My favourite musician is probably Jon Hopkins who I now listen to instead of any other Chill Out music since for me he somehow trumps pretty much the entire genre. He is behind some of the most relaxing and beautiful tracks I know, so I was curious to see what he was like on Twitter. The answer: actually a bit different. Brilliantly, this was the first Tweet of his that I read:

I wish one of James May’s Big Ideas was to FUCK OFF

Finally, moving away from music, I referenced Mitch Hedberg’s famous escalator line in my Lion King 3D review:

An escalator can never break – it can only become stairs.

Realising I was unfamiliar with his work, I ended up reading through his Wikiquote page, and found much to like, such as:

My belt holds up my pants and my pants have belt loops that hold up the belt. What the fuck’s really goin on down there? Who is the real hero?

and:

When you go to a restaurant on the weekends and it’s busy they start a waiting list. They start calling out names, they say “Dufresne, party of two. Dufresne, party of two.” And if no one answers they’ll say their name again. “Dufresne, party of two, Dufresne, party of two.” But then if no one answers they’ll just go right on to the next name. “Bush, party of three.” Yeah, what happened to the Dufresnes? No one seems to give a shit. Who can eat at a time like this? People are missing! You fuckers are selfish. The Dufresnes are in someone’s trunk right now, with duct tape over their mouths. And they’re hungry. That’s a double whammy. Bush, search party of three, you can eat when you find the Dufresnes.

So after that I naturally looked him up on YouTube, and at that point discovered him to be completely different to what I had imagined:

http://www.youtube.com/watch?v=2491LucLa1g

Gone, try this one:

Picture
A lot of infographics annoy me, but I like the idea of bringing together the data that drives this one so much I don’t mind its shortcomings.

Puzzle – The Two Envelopes
I can’t believe I haven’t put this one in Things before.

In a standard abstract setting with no distracting details, you and another person are presented with two envelopes. One envelope contains some money (but you don’t know how much). The other envelope contains twice as much money. You get to select an envelope, and you get to keep however much money is in it. The other person gets the other envelope. There isn’t anything to go on, so you choose one of the envelopes for arbitrary reasons.

Before you get to open it, you are offered the chance to change your mind, with the following reasoning:

You don’t know how much money is in your chosen envelope, but for the sake of argument let’s say it’s £10. That means you either have the envelope with twice as much money (so the other contains £5) or you don’t (so the other must contain £20).
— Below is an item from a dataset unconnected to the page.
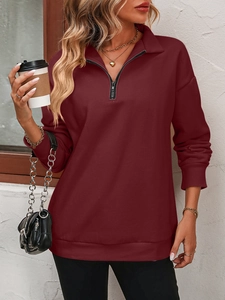Detail of burgundy half-zip sweatshirt with ribbed cuffs and fleece texture in city setting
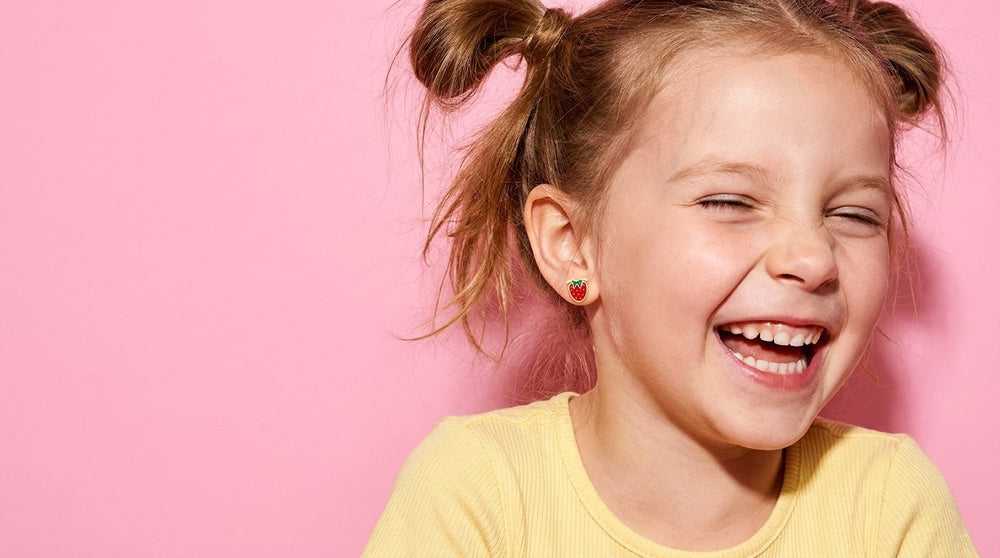 Laughing girl wearing tiny strawberry flat back earrings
So if you decide to swap, there’s a 50% chance you get that £5, and a 50% chance you end up with the £20. Since you currently have £10, that means there’s a 50% chance of effectively losing £5 and a 50% chance of gaining another £10. Imagine if the universe split into two at the moment you made that decision – one of you loses £5, the other gains £10, so on average you gain (£10 + (-£5) )/2 = £2.50. Since the average gain is positive, clearly that’s a gamble worth taking, and you should definitely swap.

This is of course a strange conclusion. You effectively chose an envelope at random, so how does swapping it improve your odds of getting more money? The paradox is even more stark if we consider the fact that the other person could be convinced to swap by exactly the same argument.

Previous Puzzle – Co-operating with yourself
Last time I asked how well you would get on with yourself.

Xuan said:

They say that people you dislike/hate are likely to be people who’s characteristics are most like yours. People are most critical of what they see in the mirror. My clone better not have the same taste in clothes.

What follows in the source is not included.